ヴェネツィアは、イタリア東部にある潟(ラグーン)に浮かぶ島に築かれた街。ここは5世紀に設立され、街は118の小さな島で構成されています。10世紀になると海上交易で栄え、やがて「アドリア海の女王」と呼ばれように。運河や橋で構成されたユニークな都市構造は、街全体が芸術作品ともいうべき遺産です。

ここでは、ヴェネツィアとその潟がなぜ世界遺産なのか、世界遺産マニアが分かりやすく解説。これを読めば、ヴェネツィアについて詳しくなること間違いなし!

目次

ヴェネツィアとその潟とは?その歴史と街並みについて解説

ヴェネツィアは「水の都」となった理由は?

ヴェネツィアとその潟
画像素材:shutterstock

ヴェネト州の州都ヴェネツィアは、潟(ラグーン)に浮かぶ118の島で構成される海上都市。ヴェネツィアの街は小さな島々から構成されていて、中心部には全長約3.8kmにもおよぶ「カナル・グランデ(大運河)」が通り、400の橋と150を越える大小の運河でそれぞれの島を結んでいます。よって、車の乗り入れができないため、島内の移動は水上バスかタクシー、ゴンドラのみ。

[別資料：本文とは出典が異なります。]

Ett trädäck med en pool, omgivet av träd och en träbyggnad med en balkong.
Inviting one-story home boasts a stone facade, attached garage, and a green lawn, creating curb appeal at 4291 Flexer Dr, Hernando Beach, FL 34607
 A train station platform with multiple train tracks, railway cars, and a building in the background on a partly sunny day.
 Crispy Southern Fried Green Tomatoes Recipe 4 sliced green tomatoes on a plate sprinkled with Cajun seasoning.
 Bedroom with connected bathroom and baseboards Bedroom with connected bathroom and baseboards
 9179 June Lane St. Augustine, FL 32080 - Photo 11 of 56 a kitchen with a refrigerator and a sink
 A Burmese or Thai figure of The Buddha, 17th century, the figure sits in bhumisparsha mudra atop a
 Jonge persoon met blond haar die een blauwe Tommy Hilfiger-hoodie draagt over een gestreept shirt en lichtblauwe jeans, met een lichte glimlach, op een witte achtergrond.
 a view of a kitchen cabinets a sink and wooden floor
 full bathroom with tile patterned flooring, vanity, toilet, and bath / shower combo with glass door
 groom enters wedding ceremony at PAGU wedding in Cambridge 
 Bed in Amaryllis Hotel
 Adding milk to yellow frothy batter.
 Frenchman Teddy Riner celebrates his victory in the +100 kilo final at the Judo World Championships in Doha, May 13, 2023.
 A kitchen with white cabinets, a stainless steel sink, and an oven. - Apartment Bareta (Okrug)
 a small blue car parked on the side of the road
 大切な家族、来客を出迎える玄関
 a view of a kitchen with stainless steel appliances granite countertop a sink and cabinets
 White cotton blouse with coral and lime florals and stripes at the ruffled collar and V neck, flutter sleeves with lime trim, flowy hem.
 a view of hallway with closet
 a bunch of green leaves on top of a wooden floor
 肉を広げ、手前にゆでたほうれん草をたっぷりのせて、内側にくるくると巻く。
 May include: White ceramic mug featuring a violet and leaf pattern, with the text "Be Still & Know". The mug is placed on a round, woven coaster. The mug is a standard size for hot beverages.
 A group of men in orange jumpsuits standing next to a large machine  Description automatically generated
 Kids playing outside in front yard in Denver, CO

どのように町を作ったかというと、潟の上に丸太の杭を打ち込むことで土台を作り、イストリア石(石灰質の石)を乗せて基盤を作りました。しかし、これは時間が経つと地盤沈下が発生する上に、地球温暖化の影響で海面上昇によって水没する可能性があるのです。

ヴェネツィアの紋章は聖マルコのライオン

サン・マルコ大聖堂/ヴェネツィアとその潟
画像素材:shutterstock

町の起源は5世紀とされていますが、本格的に建物が作られるようになったのは7世紀ころ。もともとはフン族やランゴバルド人などの異民族の襲撃から守るために、潟の上に町を築いたというのが理由。小さな島に築かれた町はやがて統合し、8世紀にはヴェネツィア共和国として独立します。9世紀には新約聖書の『マルコによる福音書』の著者とされる聖マルコの聖遺物が持ち込まれ、これが町のシンボルになりました。彼はライオンで表されるため、「有翼の金のライオン」は共和国の紋章ともなっています。

10世紀から、アドリア海沿岸を支配下に置き、領土は徐々に拡大。13世紀には、東地中海全域を支配する巨大な海洋国家となりました。しかし、15世紀になるとオスマン帝国が地中海に進出してくると、18世紀にはナポレオンの侵略によって1100年続いたヴェネツィア共和国は崩壊。現在はイタリア共和国に属し、その独特の景観が世界中に知られるようになると人気の観光都市に。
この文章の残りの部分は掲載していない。